§ **WHAT NEEDS TO BE DONE**
Please return only the lines from the one showing "Frutta di stagione" to the end of the entries, keeping both ends and dropping every picture.

Dataset items:

------------------------

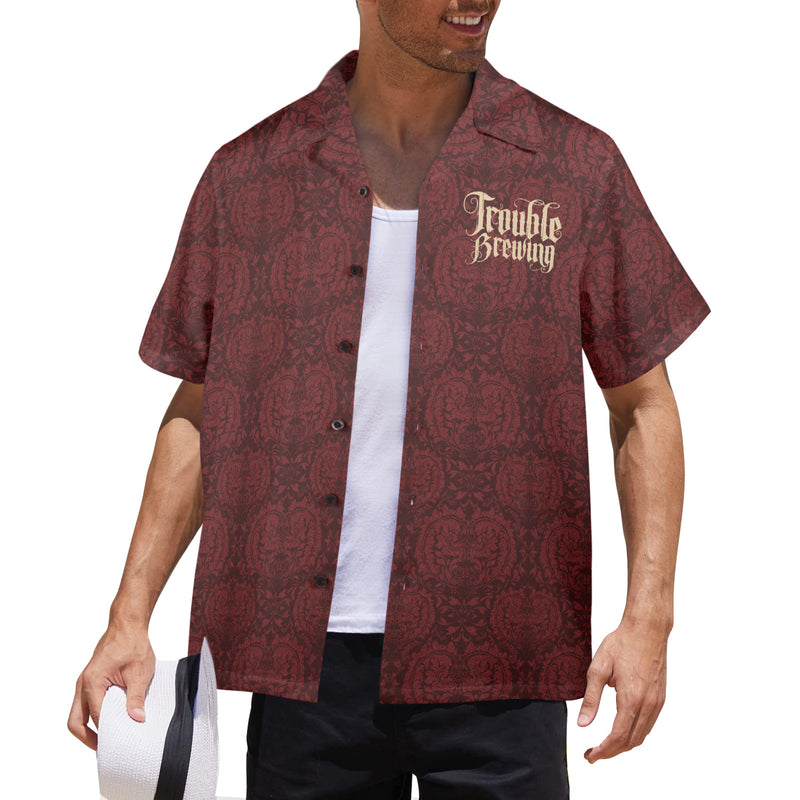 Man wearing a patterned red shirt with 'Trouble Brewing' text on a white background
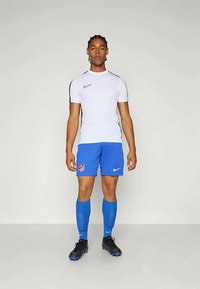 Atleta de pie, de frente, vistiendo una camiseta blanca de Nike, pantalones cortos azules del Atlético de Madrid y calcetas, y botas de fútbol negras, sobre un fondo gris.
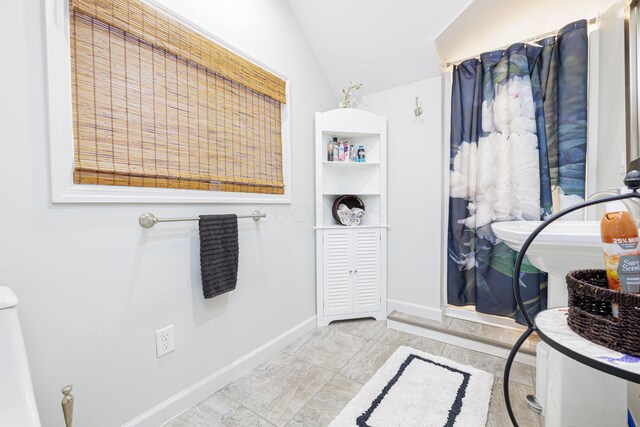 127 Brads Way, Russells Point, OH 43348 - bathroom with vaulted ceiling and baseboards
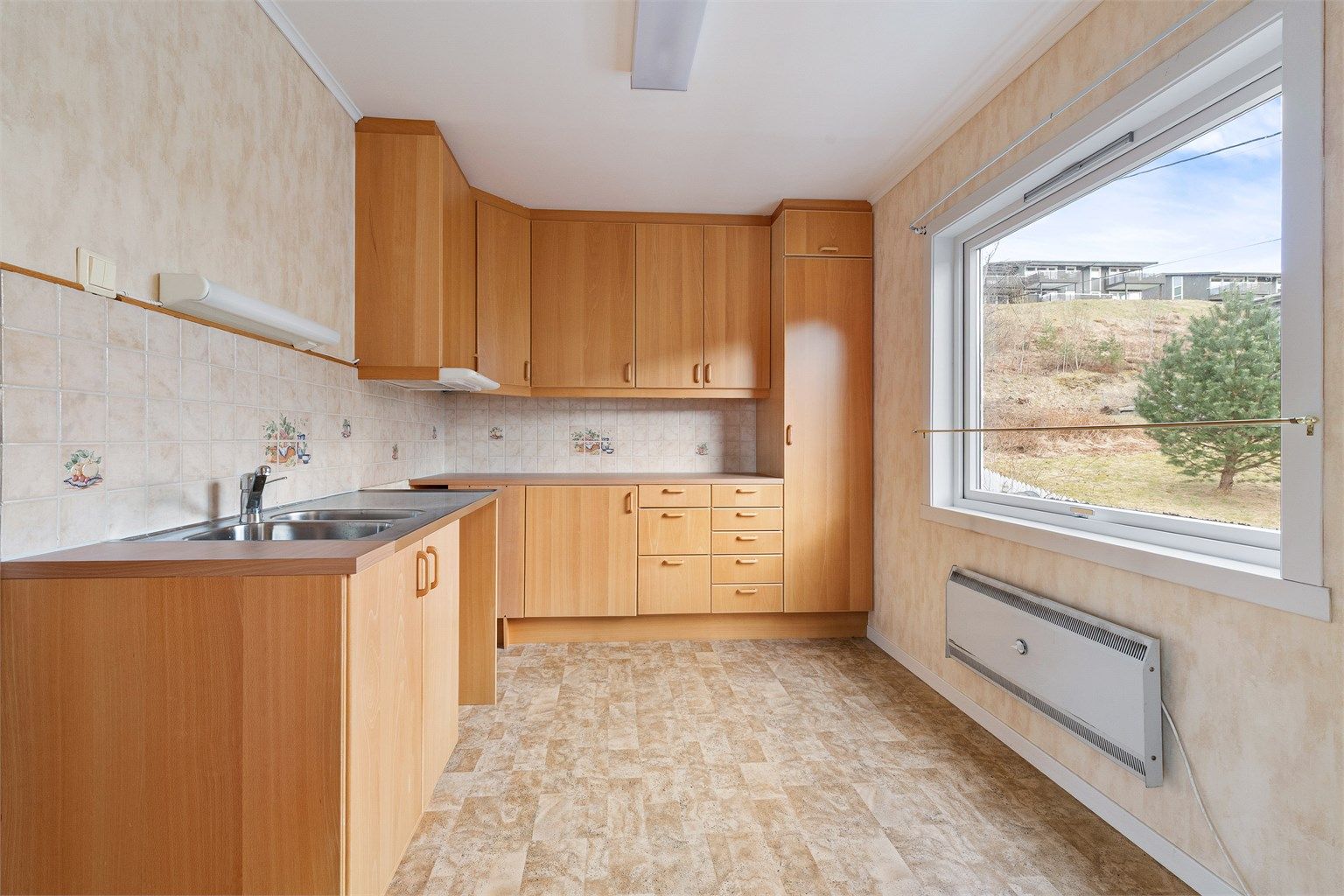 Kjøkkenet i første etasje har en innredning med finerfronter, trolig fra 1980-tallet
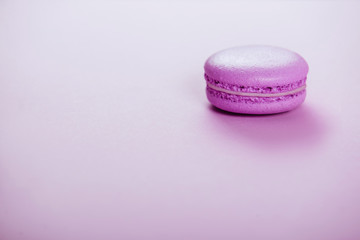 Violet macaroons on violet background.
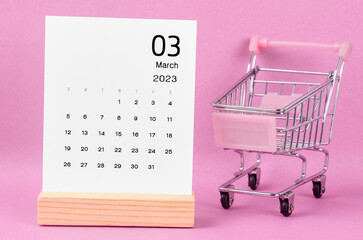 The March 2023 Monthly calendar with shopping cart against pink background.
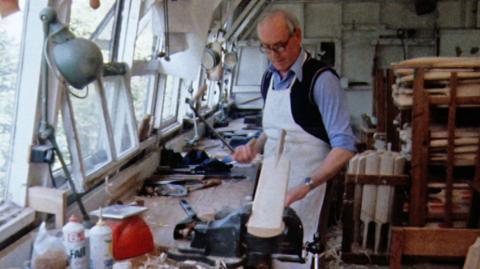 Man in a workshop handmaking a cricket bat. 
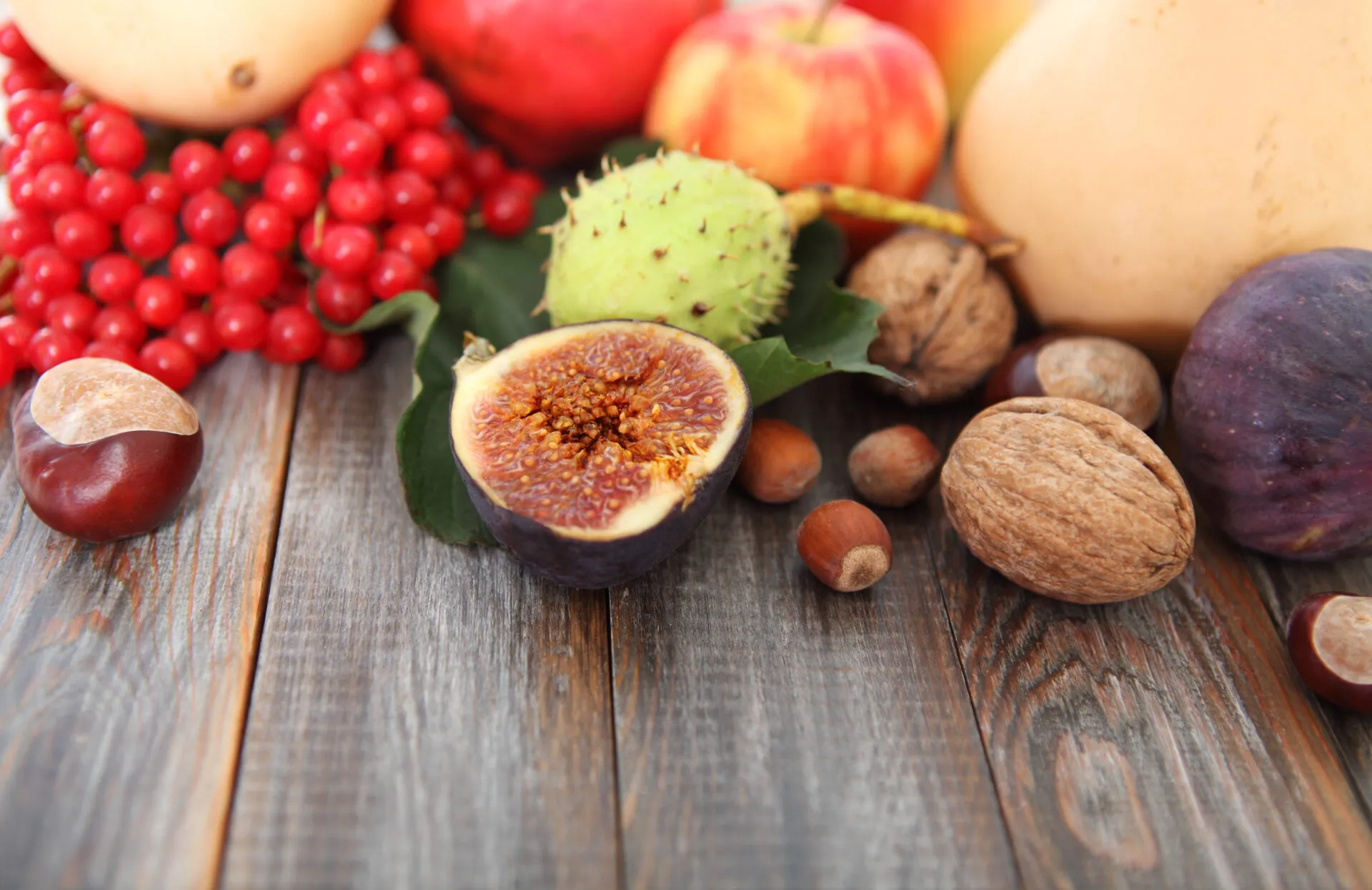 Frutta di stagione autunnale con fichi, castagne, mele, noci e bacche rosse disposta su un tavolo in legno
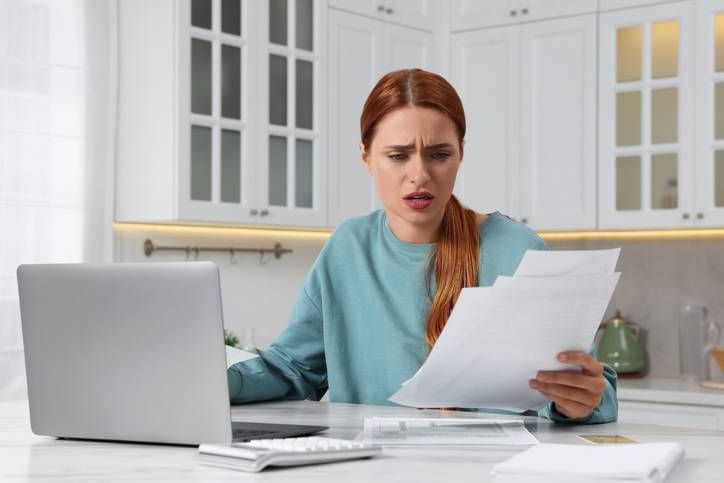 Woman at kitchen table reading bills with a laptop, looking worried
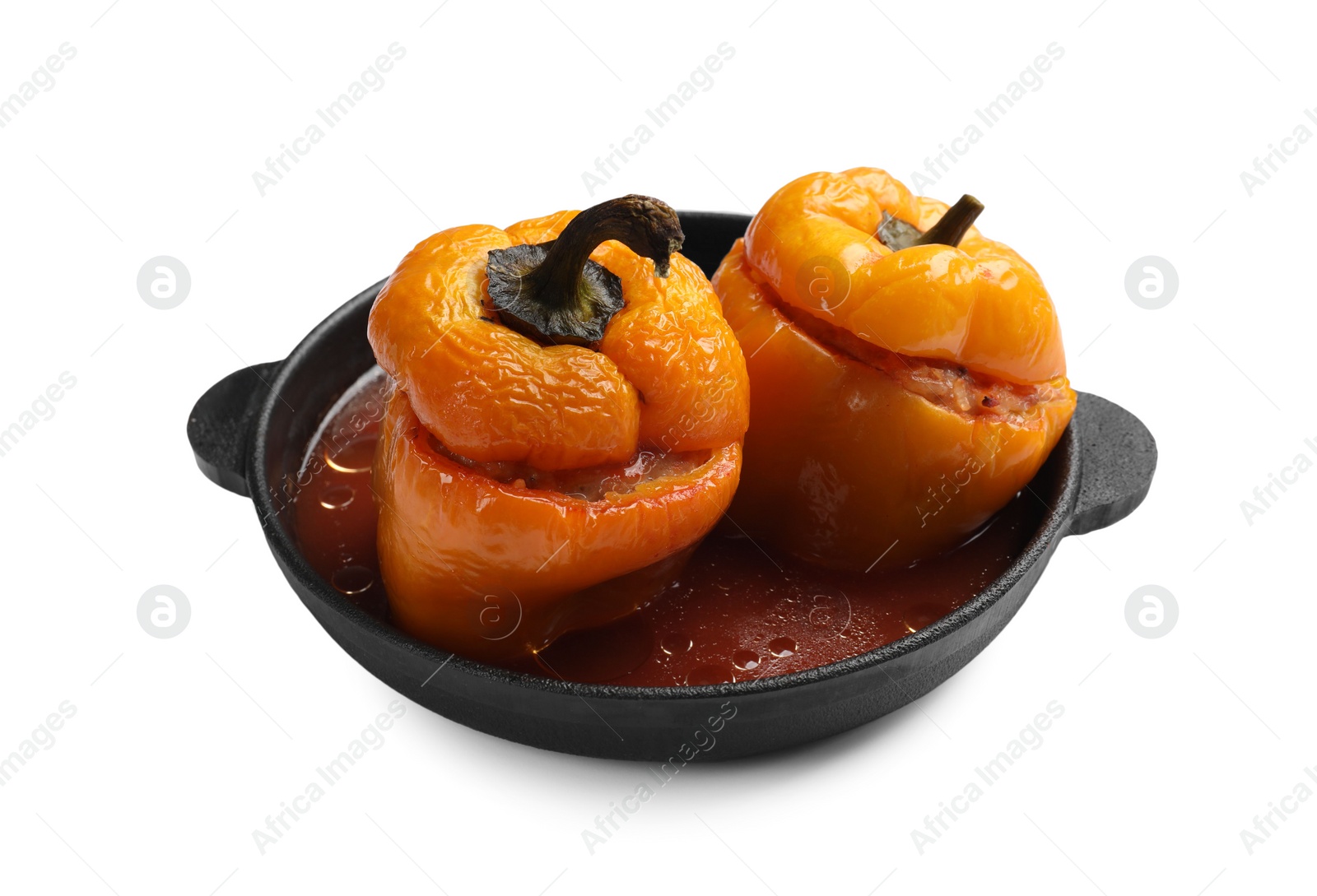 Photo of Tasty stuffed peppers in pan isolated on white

------------------------

§ **RESPONSE TO THE EXERCISE**
 Frutta di stagione autunnale con fichi, castagne, mele, noci e bacche rosse disposta su un tavolo in legno
 Woman at kitchen table reading bills with a laptop, looking worried
 Photo of Tasty stuffed peppers in pan isolated on white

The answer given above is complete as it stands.